======== DATA RECORDS ========
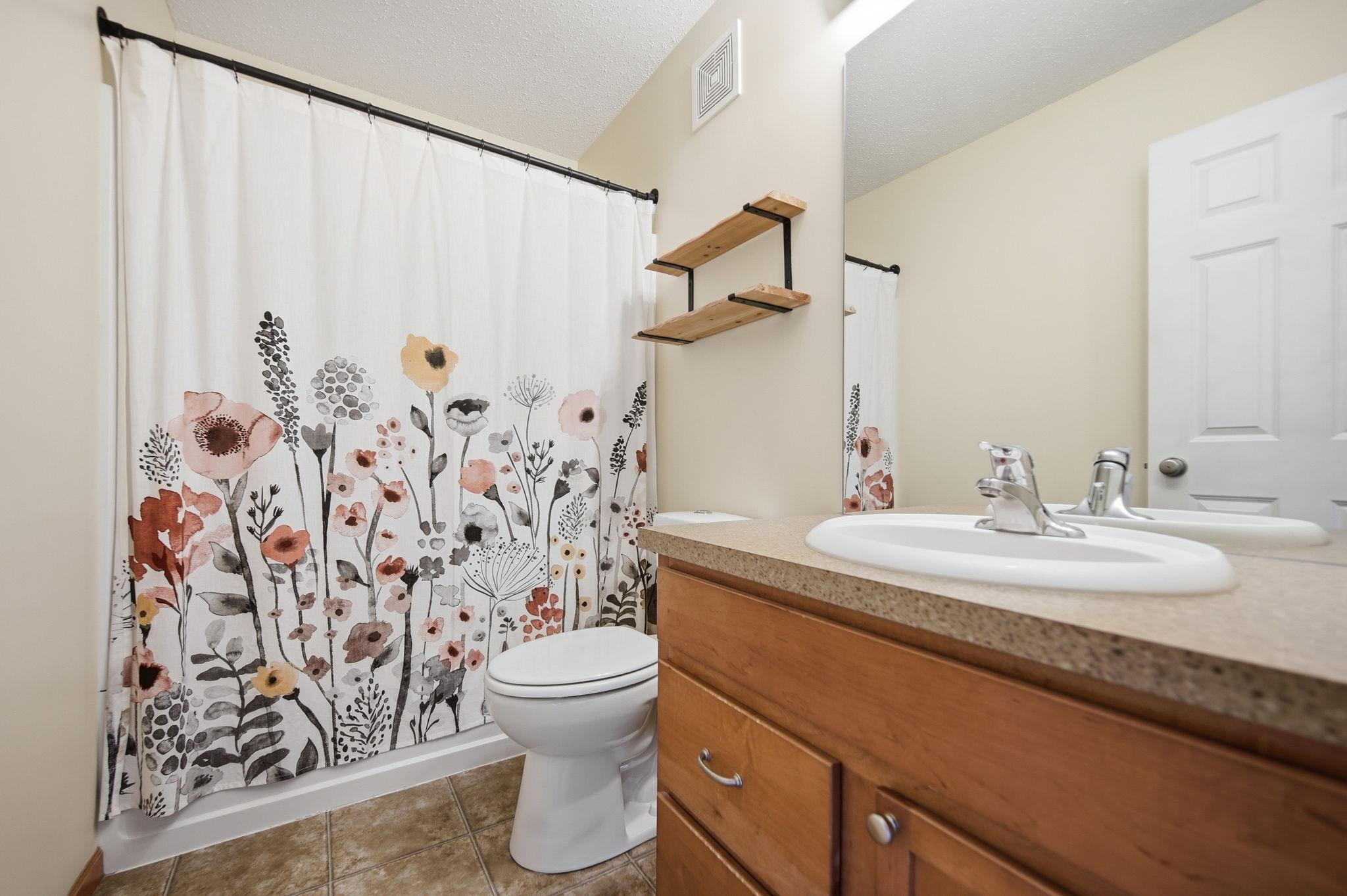 5027 Evergreen Drive N Unit: 7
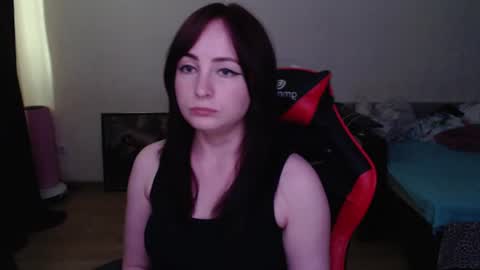 Laralianna online show from July 6, 2026, 3:03 pm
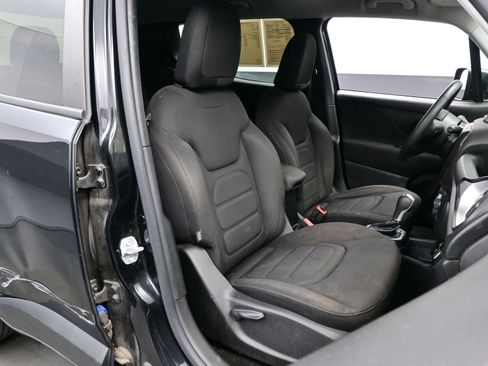 Used 2019 Jeep Renegade Latitude image 12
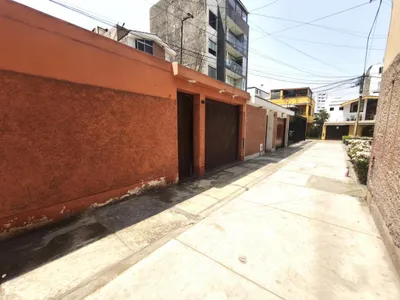 Venta de Casa en Surquillo - Lima 3 Dormitorios 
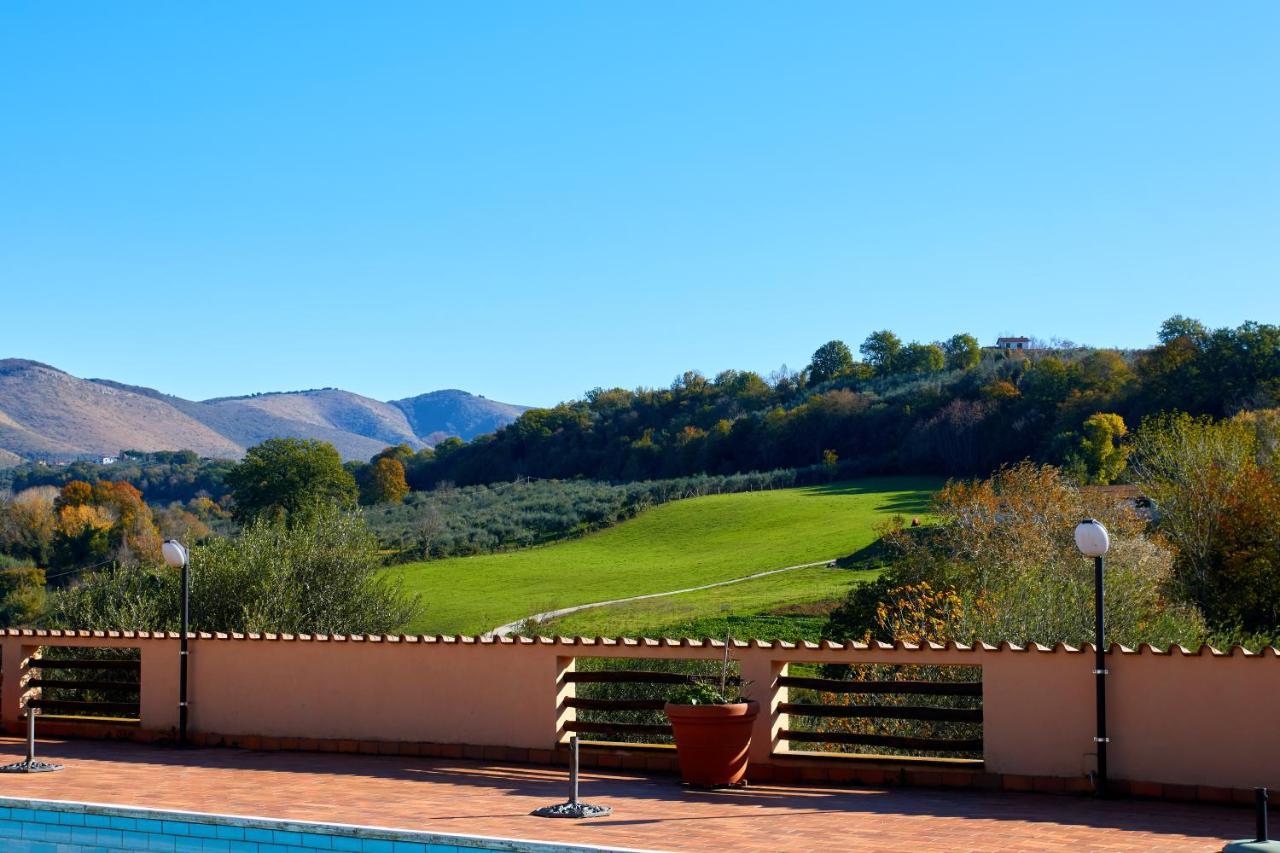 Rea Villa Coltodino Exterior photo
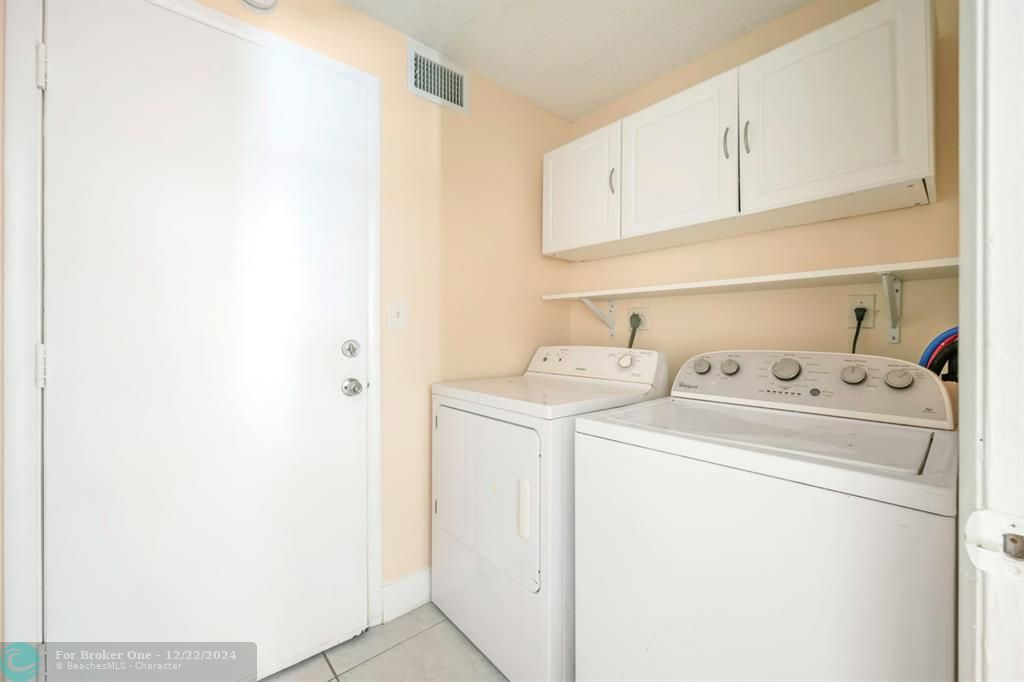 For Sale: $450,000 (3 beds, 2 baths, 1221 Square Feet)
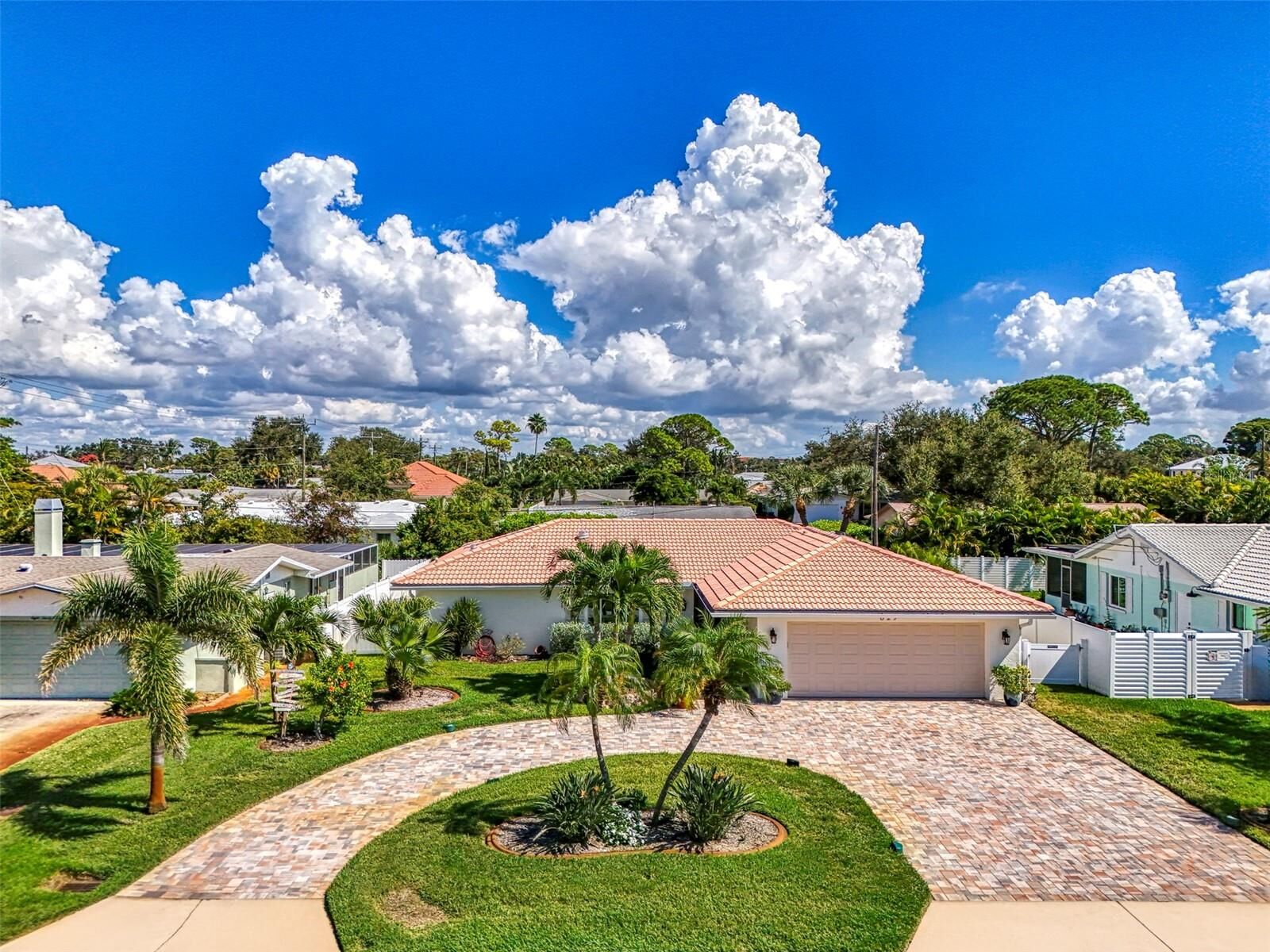 Property Photo:  829 Harbor Drive S  FL 34285 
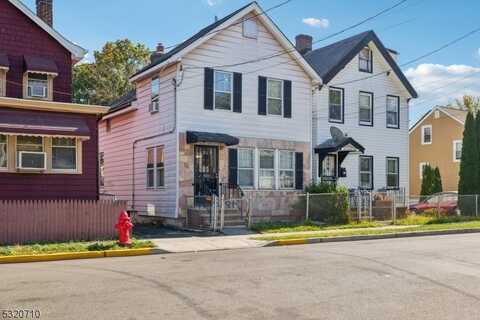 326 Ogden St, Orange, NJ 07050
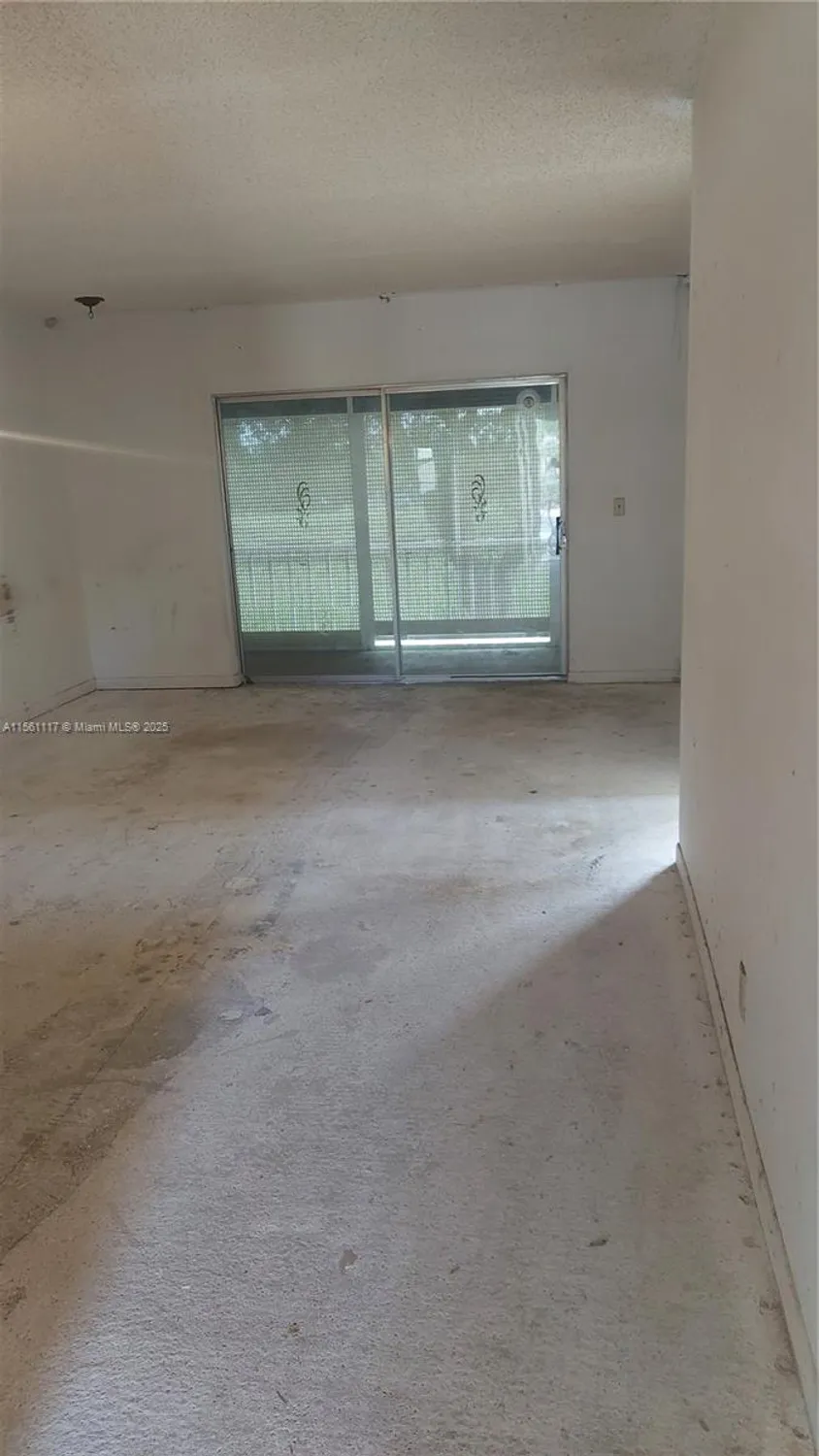 Property Slideshow image 4 of 14 | 7610 nw 1st st 208, Margate, FL, 33063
========
→ INSTRUCTIONS TO FOLLOW
Repeat the records above exactly, leaving out the pictures.

→ OUTPUT BELOW
 5027 Evergreen Drive N Unit: 7
 Laralianna online show from July 6, 2026, 3:03 pm
 Used 2019 Jeep Renegade Latitude image 12
 Venta de Casa en Surquillo - Lima 3 Dormitorios 
 Rea Villa Coltodino Exterior photo
 For Sale: $450,000 (3 beds, 2 baths, 1221 Square Feet)
 Property Photo:  829 Harbor Drive S  FL 34285 
 326 Ogden St, Orange, NJ 07050
 Property Slideshow image 4 of 14 | 7610 nw 1st st 208, Margate, FL, 33063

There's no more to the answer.